Hacker News new | ask | show | jobs
by scarface_74 494 days ago
And him and his cofounder created a service that scrapes websites and uses AI for something or other…

https://www.goharvest.ai/

1 comments

We built Harvest to reduce the pain of gathering web data by clicking through websites to copy data into excel sheets, databases, and CRMs. Something millions of people do everyday.

We recognize it as an unrewarding, tedious, and time-consuming thing humans have had to do until the latest abilities of browser agents.

As we built and learnt more about the industry we started to understand the underlying problems. For 99% of web sites web scraping isn’t the problem, the lack of compensation is.

We think there’s actually a better way to do this. If there’s enough demand, we can facilitate a rev share between agent scrapers and websites. Scrapers will pay less than what they pay for proxies and websites get a new revenue stream.

These are our thoughts at least so far. We aren’t ashamed of what we’ve built by any means in the way your comment implies lol. We want to see if we can benefit both parties in a win-win marketplace.

So what you are doing is scraping the data without asking permission and using AI so people won’t have to go to the original site.

How is what you’re doing any better than what you are complaining about?

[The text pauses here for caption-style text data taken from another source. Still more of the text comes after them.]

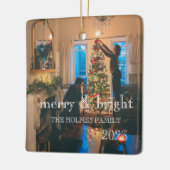 そしてメリー明るい |モダンクリスマスカップル写真O セラミックオーナメント (左)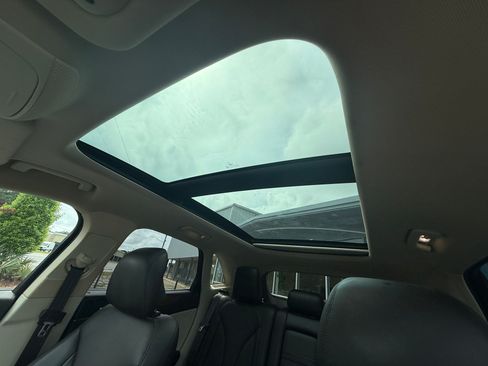 Used 2015 Lincoln MKC FWD image 23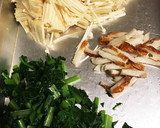 大根の葉とえのき茸の炒め物 塩麹入り！作り方1写真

1) Public websites don’t require any more permission than taking photos of a public storefront. We abide by privacy laws and make sure we don’t overload website servers.

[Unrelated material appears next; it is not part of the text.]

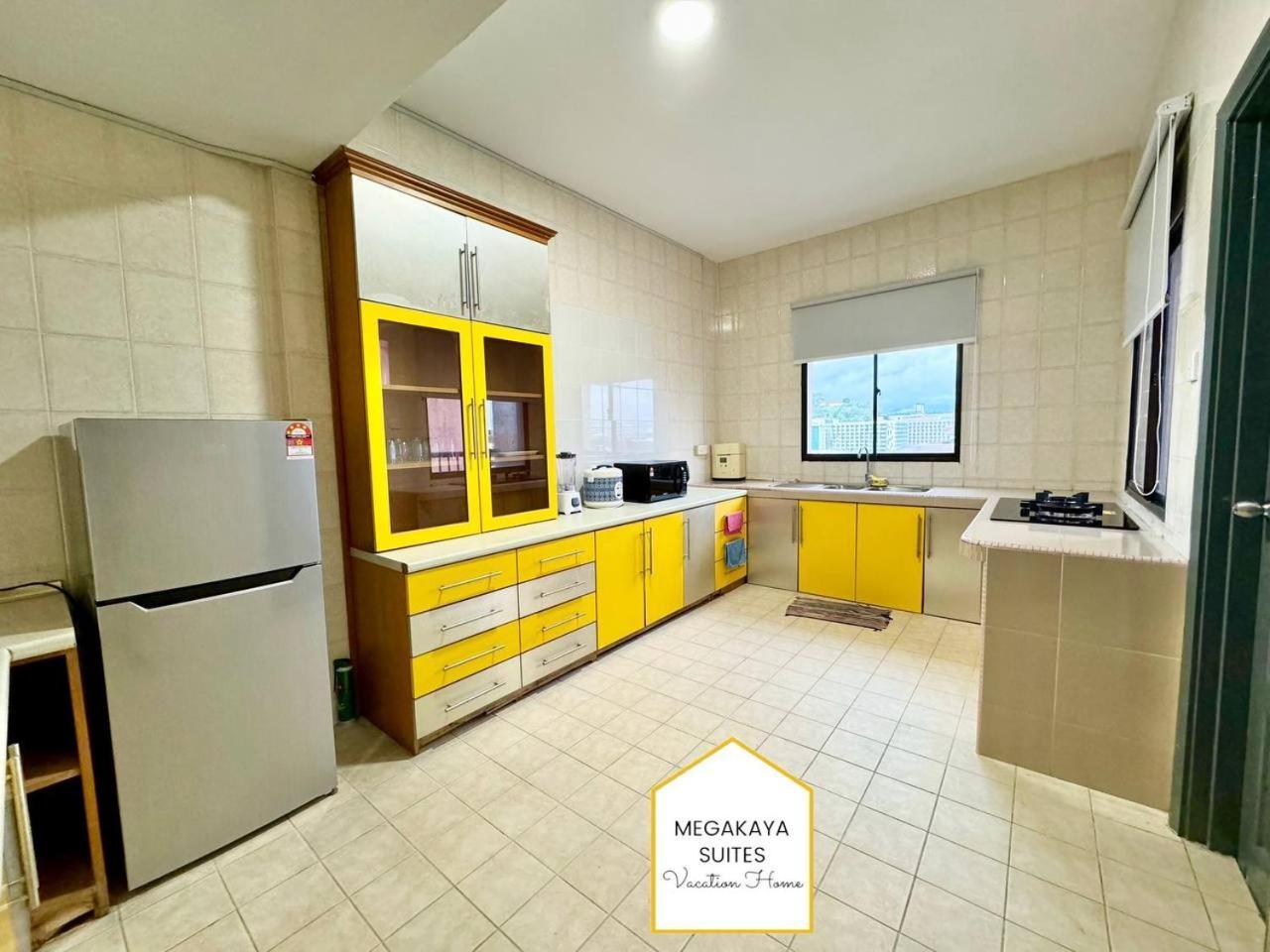 6 Bedrooms Penthouse Marina Court Centre - 19pax Apartment *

2) We aren’t complaining. We’re curious how others view this topic and space because it’s a contentious topic. We recognize that we might be able to address the larger issue of lack of compensation for websites being scraped by facilitating a win-win marketplace (only loser is proxy providers).

So you really don’t care that “the rise of AI has put the free web at risk”, you care that it is putting your company at risk when you are doing the same thing and making the same argument that the companies training the models are doing?

Are you paying any content providers now?

Why didn’t you just admit that up front or at least disclose you have a business interest in being able to scrape others content for free?